Pictures excluded, return every entry exactly, please.
=== EXERCISE INPUT ===
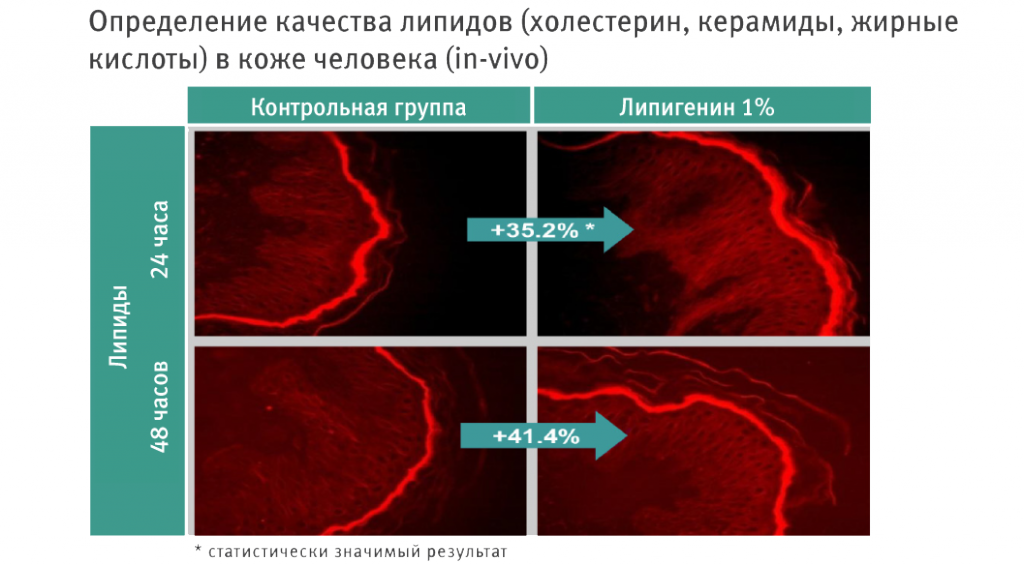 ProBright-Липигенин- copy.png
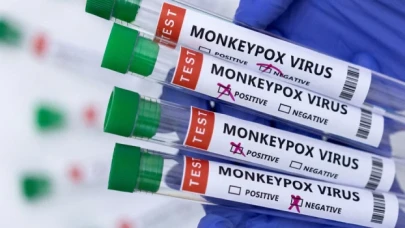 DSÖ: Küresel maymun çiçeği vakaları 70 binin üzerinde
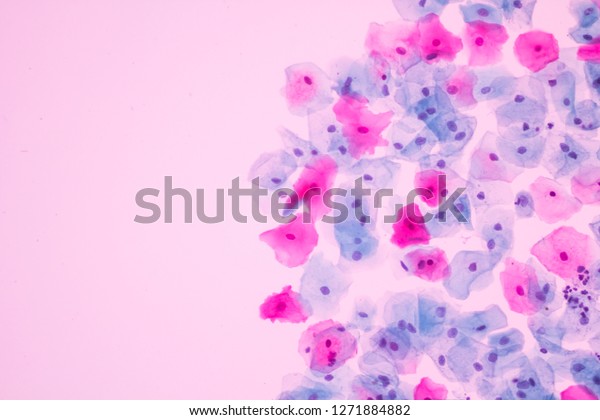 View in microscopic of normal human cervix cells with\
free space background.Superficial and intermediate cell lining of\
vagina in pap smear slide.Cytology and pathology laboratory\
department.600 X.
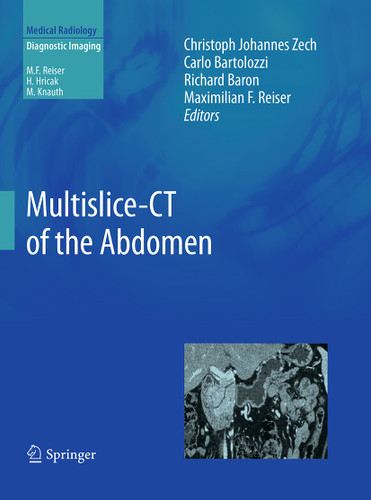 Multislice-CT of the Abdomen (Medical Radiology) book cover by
===
- [EXERCISE ANSWER]:
 ProBright-Липигенин- copy.png
 DSÖ: Küresel maymun çiçeği vakaları 70 binin üzerinde
 View in microscopic of normal human cervix cells with\
free space background.Superficial and intermediate cell lining of\
vagina in pap smear slide.Cytology and pathology laboratory\
department.600 X.
 Multislice-CT of the Abdomen (Medical Radiology) book cover by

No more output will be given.